What you have to do = Look through the entries for the line containing "www.kfz-reimers-bergedorf.de". Then output that line and every line after it, exactly, to the end.

(Excerpts from a dataset)
::::::::::
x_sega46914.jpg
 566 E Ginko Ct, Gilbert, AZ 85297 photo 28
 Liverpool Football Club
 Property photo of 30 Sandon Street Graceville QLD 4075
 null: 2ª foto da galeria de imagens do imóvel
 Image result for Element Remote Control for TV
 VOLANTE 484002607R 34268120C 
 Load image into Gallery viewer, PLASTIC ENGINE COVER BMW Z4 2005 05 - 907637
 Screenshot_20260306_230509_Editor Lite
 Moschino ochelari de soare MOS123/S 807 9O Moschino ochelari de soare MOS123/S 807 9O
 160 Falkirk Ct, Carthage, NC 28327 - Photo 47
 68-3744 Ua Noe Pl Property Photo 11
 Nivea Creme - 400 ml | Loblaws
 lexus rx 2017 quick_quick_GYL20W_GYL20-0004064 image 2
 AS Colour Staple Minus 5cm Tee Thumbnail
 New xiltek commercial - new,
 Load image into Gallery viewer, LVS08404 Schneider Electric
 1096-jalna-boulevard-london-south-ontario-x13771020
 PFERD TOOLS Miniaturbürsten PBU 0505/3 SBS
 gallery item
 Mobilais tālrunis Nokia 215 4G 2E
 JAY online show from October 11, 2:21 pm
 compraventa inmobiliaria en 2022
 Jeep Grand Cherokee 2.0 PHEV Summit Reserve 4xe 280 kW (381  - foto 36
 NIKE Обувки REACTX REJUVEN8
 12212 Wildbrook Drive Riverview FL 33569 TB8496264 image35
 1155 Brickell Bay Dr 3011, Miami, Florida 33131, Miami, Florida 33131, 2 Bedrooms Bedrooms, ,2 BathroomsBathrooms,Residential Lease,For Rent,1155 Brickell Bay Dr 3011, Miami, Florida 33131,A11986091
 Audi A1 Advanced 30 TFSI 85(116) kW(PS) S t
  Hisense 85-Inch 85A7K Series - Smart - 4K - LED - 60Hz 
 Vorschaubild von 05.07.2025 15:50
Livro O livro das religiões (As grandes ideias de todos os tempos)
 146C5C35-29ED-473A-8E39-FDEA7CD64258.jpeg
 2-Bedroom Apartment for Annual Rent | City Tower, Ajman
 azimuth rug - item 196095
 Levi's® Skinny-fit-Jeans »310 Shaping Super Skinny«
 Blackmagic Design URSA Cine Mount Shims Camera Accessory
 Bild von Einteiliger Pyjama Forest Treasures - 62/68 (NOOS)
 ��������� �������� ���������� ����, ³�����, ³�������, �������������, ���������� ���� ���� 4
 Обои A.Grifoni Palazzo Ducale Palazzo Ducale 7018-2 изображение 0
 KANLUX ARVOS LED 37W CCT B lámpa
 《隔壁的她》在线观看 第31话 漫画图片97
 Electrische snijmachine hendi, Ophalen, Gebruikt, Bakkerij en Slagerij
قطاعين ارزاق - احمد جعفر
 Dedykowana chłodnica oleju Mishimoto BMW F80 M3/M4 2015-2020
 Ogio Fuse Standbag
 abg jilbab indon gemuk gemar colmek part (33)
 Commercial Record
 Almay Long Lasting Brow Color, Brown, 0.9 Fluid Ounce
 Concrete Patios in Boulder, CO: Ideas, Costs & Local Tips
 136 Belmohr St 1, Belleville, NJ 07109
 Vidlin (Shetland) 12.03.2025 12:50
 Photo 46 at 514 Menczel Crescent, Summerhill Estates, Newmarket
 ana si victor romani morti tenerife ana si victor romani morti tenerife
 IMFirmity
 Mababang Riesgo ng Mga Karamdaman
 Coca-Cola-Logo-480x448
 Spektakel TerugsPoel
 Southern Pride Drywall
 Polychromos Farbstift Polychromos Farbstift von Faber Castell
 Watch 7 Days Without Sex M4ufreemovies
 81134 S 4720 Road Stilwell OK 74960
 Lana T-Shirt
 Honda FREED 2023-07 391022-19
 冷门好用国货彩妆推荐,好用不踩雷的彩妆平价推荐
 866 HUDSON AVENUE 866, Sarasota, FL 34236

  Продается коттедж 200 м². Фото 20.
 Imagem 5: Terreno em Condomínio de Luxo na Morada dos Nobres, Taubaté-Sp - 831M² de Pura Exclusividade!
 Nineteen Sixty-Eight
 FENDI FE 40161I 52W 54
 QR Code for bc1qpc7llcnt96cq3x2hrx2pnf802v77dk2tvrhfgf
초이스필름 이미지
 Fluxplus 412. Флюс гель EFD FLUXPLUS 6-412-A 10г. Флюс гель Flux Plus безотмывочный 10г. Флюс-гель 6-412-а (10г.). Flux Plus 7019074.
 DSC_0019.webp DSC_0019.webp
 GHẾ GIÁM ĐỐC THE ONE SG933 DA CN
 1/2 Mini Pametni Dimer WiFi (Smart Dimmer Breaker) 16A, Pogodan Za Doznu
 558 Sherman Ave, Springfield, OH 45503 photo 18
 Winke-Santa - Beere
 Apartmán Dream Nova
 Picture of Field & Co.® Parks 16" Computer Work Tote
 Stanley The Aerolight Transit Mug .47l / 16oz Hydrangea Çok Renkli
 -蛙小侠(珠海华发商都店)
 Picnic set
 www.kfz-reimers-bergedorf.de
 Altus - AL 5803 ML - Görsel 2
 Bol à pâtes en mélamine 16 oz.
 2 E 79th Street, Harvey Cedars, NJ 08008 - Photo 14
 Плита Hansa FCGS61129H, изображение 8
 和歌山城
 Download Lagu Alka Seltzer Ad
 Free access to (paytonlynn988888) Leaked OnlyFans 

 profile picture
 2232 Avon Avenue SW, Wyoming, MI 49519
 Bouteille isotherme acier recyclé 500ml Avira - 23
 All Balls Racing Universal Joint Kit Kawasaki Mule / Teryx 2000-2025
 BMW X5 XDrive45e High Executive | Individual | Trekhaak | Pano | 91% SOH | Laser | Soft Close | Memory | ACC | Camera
::::::::::
Solution =
 www.kfz-reimers-bergedorf.de
 Altus - AL 5803 ML - Görsel 2
 Bol à pâtes en mélamine 16 oz.
 2 E 79th Street, Harvey Cedars, NJ 08008 - Photo 14
 Плита Hansa FCGS61129H, изображение 8
 和歌山城
 Download Lagu Alka Seltzer Ad
 Free access to (paytonlynn988888) Leaked OnlyFans 

 profile picture
 2232 Avon Avenue SW, Wyoming, MI 49519
 Bouteille isotherme acier recyclé 500ml Avira - 23
 All Balls Racing Universal Joint Kit Kawasaki Mule / Teryx 2000-2025
 BMW X5 XDrive45e High Executive | Individual | Trekhaak | Pano | 91% SOH | Laser | Soft Close | Memory | ACC | Camera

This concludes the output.